What my husband was actually fantasizing about was renting a seaside house on some tropical island and having all of our friends come to celebrate his 50th birthday. But he came up with a much more romantic plan: The two of us would go to Paris for a long weekend.
We flew on the overnight flight from San Francisco on Thursday, November 12 and landed in Paris on Friday the 13th, just hours before the coordinated terrorist attacks took place. We were having dinner in the Marais and so were not in immediate danger from the attack, as we were not in the same arrondisement as the Bataclan and various cafes, nor were we at the stadium. In the taxi on the way back to our hotel, travel-tired and dreamy, I remember thinking that the sirens sounded like wounded donkeys, hee-haw, hee-haw. But I also remember thinking that the night was very, very loud.

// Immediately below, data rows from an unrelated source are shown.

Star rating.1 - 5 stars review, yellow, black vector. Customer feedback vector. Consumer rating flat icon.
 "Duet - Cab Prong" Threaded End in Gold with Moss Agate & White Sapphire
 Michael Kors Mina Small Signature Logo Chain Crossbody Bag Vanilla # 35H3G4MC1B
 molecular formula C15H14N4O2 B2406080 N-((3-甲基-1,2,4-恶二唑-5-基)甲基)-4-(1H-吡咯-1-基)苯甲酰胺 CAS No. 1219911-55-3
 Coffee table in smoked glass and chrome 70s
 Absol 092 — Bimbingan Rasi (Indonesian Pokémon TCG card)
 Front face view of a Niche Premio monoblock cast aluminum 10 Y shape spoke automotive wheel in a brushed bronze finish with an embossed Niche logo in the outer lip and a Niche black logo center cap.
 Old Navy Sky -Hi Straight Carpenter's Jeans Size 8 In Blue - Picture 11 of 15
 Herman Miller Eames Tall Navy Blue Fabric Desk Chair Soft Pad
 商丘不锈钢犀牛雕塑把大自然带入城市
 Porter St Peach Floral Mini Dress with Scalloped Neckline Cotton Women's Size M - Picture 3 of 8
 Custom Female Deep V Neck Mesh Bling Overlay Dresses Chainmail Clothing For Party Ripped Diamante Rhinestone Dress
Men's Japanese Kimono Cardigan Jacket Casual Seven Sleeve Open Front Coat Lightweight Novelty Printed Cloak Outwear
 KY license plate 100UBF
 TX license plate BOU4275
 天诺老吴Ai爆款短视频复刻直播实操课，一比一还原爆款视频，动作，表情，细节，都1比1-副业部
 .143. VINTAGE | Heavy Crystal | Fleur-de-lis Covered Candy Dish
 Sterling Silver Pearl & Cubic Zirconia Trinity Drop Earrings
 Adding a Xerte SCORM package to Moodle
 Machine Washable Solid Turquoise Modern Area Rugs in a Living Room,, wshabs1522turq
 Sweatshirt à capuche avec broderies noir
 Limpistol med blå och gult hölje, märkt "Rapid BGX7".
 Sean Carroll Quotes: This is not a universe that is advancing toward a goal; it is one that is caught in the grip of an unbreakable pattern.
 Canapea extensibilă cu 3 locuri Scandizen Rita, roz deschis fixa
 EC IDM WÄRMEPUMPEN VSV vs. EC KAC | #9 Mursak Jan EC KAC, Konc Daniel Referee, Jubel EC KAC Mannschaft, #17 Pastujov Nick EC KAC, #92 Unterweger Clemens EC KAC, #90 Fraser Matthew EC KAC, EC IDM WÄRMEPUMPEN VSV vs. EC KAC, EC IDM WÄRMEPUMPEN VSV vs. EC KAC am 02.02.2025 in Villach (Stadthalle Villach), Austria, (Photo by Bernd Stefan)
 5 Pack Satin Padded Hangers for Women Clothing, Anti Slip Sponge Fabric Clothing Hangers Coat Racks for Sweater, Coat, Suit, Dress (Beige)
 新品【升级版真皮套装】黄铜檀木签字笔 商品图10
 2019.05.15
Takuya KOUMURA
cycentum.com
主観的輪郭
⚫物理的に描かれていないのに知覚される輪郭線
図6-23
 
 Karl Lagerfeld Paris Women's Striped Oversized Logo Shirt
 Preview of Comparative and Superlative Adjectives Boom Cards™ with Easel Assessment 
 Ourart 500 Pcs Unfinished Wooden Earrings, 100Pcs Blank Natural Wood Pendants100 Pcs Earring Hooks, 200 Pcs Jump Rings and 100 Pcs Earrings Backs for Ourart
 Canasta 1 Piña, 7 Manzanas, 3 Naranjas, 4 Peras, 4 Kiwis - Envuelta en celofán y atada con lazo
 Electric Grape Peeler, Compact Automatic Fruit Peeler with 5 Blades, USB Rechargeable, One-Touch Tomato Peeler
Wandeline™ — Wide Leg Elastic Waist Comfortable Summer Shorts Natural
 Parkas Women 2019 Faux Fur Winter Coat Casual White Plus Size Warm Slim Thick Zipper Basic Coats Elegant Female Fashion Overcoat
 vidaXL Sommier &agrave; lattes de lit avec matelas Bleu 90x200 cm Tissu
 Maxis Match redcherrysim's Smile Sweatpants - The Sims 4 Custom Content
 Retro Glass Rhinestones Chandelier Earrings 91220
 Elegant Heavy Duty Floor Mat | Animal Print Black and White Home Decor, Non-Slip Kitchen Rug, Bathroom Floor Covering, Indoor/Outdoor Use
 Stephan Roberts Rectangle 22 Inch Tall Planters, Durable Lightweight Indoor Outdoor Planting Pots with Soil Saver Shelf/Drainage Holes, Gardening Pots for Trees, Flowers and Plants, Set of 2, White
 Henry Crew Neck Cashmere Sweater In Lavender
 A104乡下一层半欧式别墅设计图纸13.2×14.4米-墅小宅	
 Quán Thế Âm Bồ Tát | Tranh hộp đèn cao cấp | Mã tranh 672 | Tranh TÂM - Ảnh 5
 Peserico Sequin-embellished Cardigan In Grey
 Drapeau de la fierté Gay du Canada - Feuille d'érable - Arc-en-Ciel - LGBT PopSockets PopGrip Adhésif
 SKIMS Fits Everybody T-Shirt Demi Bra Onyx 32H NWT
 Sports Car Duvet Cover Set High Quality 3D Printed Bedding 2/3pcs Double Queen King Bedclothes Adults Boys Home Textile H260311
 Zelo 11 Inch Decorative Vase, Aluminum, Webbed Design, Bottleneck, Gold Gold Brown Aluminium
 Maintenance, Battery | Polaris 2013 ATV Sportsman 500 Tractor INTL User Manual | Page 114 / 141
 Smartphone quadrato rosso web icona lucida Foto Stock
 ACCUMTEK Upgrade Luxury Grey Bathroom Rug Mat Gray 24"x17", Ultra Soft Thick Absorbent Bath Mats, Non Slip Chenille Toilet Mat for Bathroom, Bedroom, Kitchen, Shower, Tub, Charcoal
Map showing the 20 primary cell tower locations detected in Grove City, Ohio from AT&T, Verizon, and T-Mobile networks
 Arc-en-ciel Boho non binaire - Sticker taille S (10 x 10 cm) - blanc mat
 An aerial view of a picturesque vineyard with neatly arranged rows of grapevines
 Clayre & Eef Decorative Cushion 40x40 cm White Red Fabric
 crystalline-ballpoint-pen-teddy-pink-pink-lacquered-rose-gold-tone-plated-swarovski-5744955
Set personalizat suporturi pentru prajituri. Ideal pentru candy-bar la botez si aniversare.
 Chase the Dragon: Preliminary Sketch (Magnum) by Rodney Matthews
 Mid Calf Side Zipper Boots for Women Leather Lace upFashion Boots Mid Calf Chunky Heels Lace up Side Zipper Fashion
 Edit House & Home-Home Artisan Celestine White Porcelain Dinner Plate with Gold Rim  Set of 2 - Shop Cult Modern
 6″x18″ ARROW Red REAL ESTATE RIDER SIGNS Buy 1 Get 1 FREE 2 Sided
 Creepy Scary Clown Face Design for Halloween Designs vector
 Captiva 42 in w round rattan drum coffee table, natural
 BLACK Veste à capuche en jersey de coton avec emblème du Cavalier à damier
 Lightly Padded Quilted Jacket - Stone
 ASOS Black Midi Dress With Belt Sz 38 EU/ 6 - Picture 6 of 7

We all know what was actually going on in Paris that night, and most of my friends and family, after checking in to make sure we were okay, were wondering if we were packing up and heading to the airport. We weren't. We watched CNN just like so many Americans did, slept fitfully with darkened dreams, and awoke to a new world.
Everything but the restaurants and cafes closed for three days of mourning. The State Department wanted Americans sheltering-in-place. But my husband woke up early and I walked out of our hotel to be with the Parisians who were out in force, too. We were not being stupid. We were being good friends, like the French have been to us. And as Americans, to be beside our friends in a time of crisis was the right place to be. We were proud to say that we were Americans and happy to show that it was not courage that brought all of us outside to enjoy a beautiful November day, but that it was l'esprit de la vie, the spirit of life, and that we Americans share that with the French.